Toño Hernández

Computer Vision might be the largest part of AI

Discussion created by Toño Hernández Employee on Aug 3, 2017

Computer Vision (CV) is an interdisciplinary science that enables machines to see, identify, and process images —similar to the way human vision does, but also to provide an appropriate output: interpret, analyze, recognize, or act accordingly. CV aims to view and then to give useful results for the processed image. 


“Seeing” is one of the most complicated biological processes in the human body: visual processing uses about two-thirds of the brain —involving perception on many other fronts, along with a lot of analysis. Computers must utilize several data-gathering technologies for getting the capability of sight and delivering accurate insights for smarter homes, optimized business, or safer cars. 


CV started in 1950 mimicking three separate lines: the eye, the visual cortex, and the rest of the brain. Supposedly in 1966, AI pioneer Seymour Aubrey Papert asked MIT undergraduate student Gerald Sussman and his team to plug a camera into a computer and make it describe what was seeing: The Summer Vision Project began the systematic Computer Vision research.  

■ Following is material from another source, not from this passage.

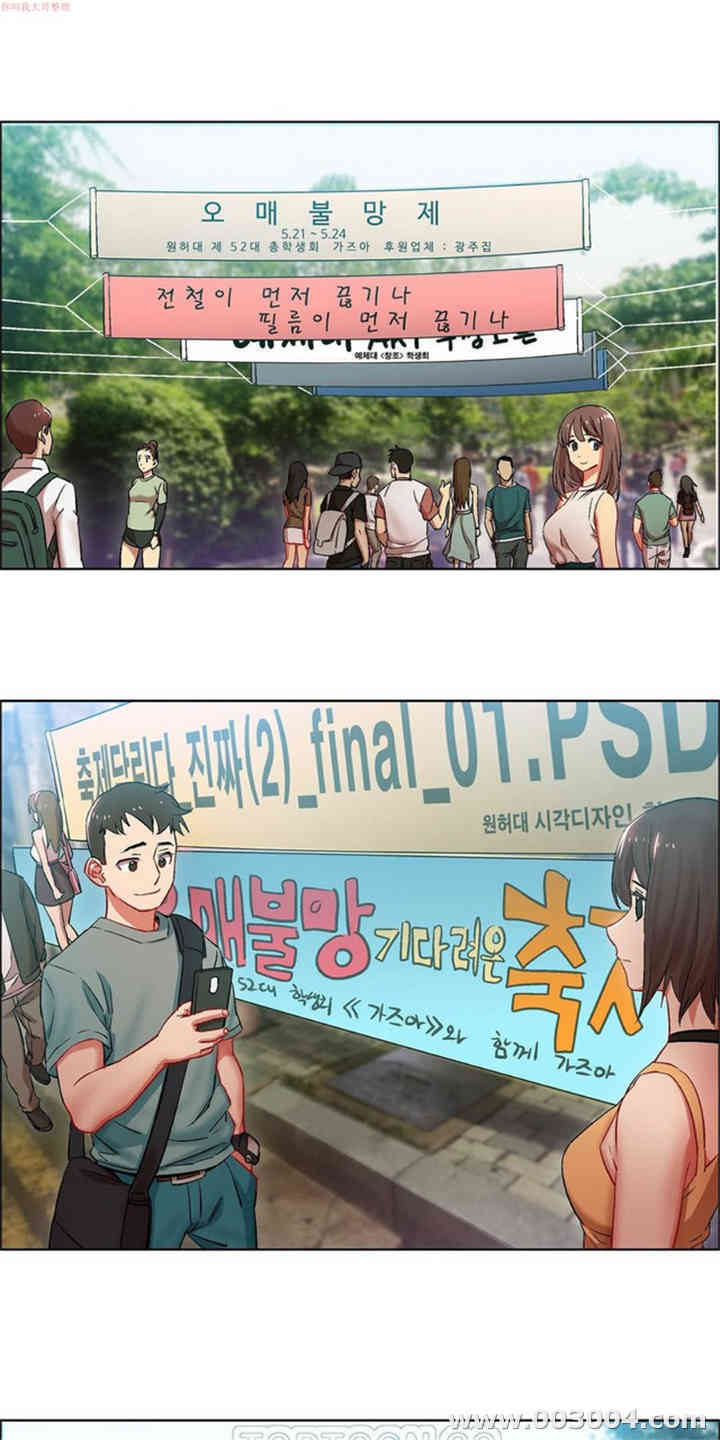 租赁女孩/超级少女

Computer Vision might be the largest part of AI, and can be explained from: 
- A scientific perspective, related to the theory behind extracting information from images. 
- A technological perspective, applying models to construct Computer Vision systems.  
- An engineering perspective, aiming to automate tasks that the human visual system can do by dealing with how computers are getting high-level understanding from digital images or videos. 


Computer Vision includes some known sub-domains like object recognition, scene reconstruction & image restoration, video tracking, event detection & motion estimation, 3D-pose estimation, indexing, and learning. Usually, CV has these characterizations: 

- Imaging: concentrating on the process of producing images, for further Processing/Analysis.  

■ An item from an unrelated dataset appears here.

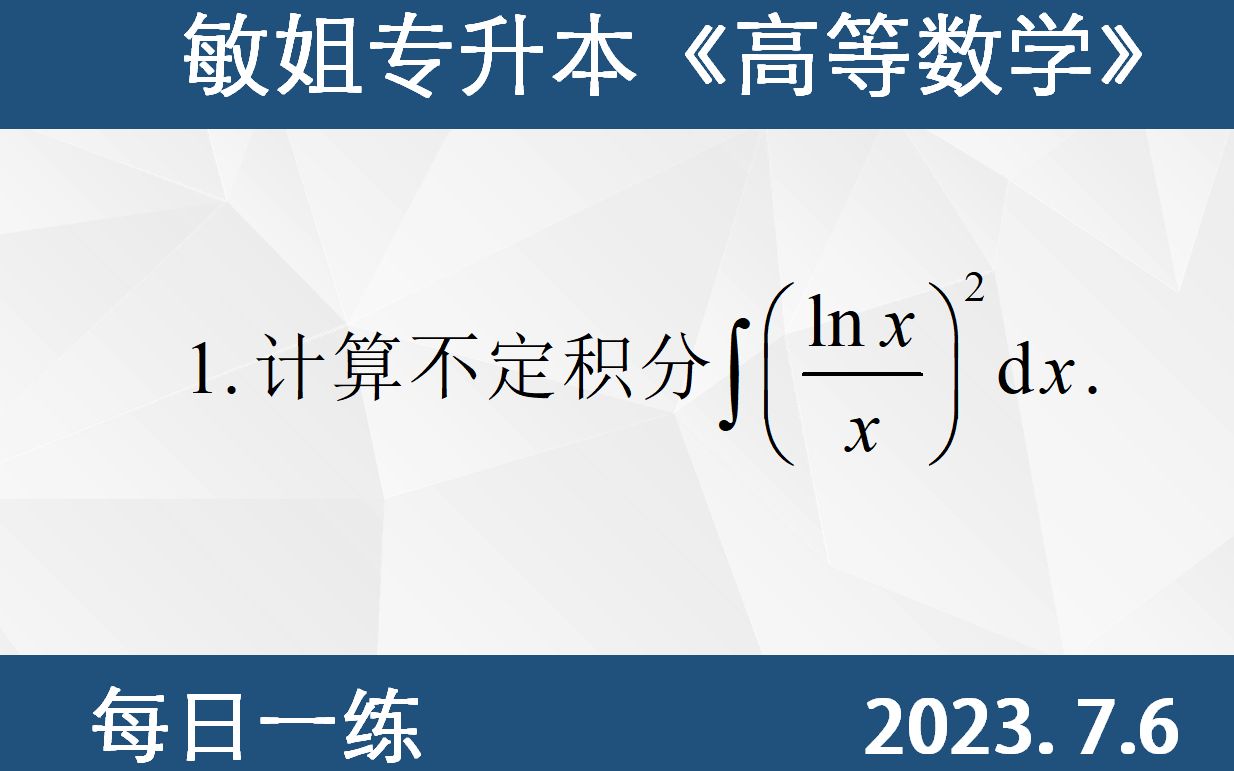 【专升本数学 每日一练 7.6】不定积分的计算、分部积分、直接积分法哔哩哔哩bilibili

- Image Processing/Analysis: focusing on how to transform one 2D-image to another by doing pixel-manipulation: contrast enhancement, edge extractions, noise removal, or geometrical transformations. It does not require assumptions or interpretations about the image content. 

- 3D-analysis from 2D-images: inspecting the projected 3D-scene onto one or several images (like reconstructing structure or other information about the 3D-scene from one or several images). It needs some complex assumptions about the scene represented in the image. 

- Pattern Recognition: using several statistical algorithms and Artificial Neural Networks to take information from signals in general.  

- Machine Vision (MV): applying several methods to provide imaging-based automatic analysis, process control, and robot guidance to industrial applications. It requires an image-sensor technology and control theory integrated with an efficient real-time processing of image data, implemented within the hardware and software.  


CV applications include Agriculture, Robotics, Biometrics, Gesture Analysis & Face Recognition, Character Recognition, Industrial Quality Inspection & Process Control, Geoscience, Augmented Reality (AR), Image Restoration, Medical Image Analysis & Forensics, Remote Sensing, Security & Surveillance Autonomous Vehicles & Transport, and Pollution Monitoring. 


Is still not possible for CV to see objects as humans do, but considering the scale of the task, it is surprising what computers can do with what they can see. Nowadays Computer Vision is found in cameras —recognizing faces; in factory robots —monitoring problems and working around human co-workers; or in autonomous cars —watching traffic signs and checking pedestrians' safety out.